Worth spoke to Niño in his offices on the 31st floor of the Trump Building on Wall Street.

Q: YOU’VE BEEN IN THE REAL ESTATE BIZ FOR NEARLY TWO DECADES NOW. WAS THAT ALWAYS THE PLAN?

A: Not really. My family has had their printing company for three generations. Right after graduation, I ran the business for six years because my father decided to retire.

SO WHEN DID YOU GET BITTEN BY THE PROPERTY BUG?

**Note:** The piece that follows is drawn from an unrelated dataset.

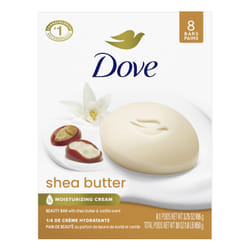 The Helper Bees Shea Butter Saponetta 106 g 8 pz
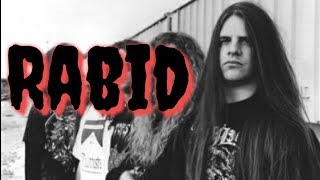 Cannibal Corpse- Rabid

There was this nice neighborhood in Bogotá called Macarena with cool, French-style restaurants. I saw this building there, this beautiful building, and out of the blue, it was for sale. I got the initial down payment from friends and family—I had little money—and bought the building. I fixed it up and sold it six months later for more than double. I said, forget printing.

HOW DID YOU MAKE THE JUMP FROM PRINTING TO REAL ESTATE?

While I was running my father’s business, I opened this company, International Brokers, where I essentially invited Colombians to buy houses in Miami. Everybody had a second home in Miami.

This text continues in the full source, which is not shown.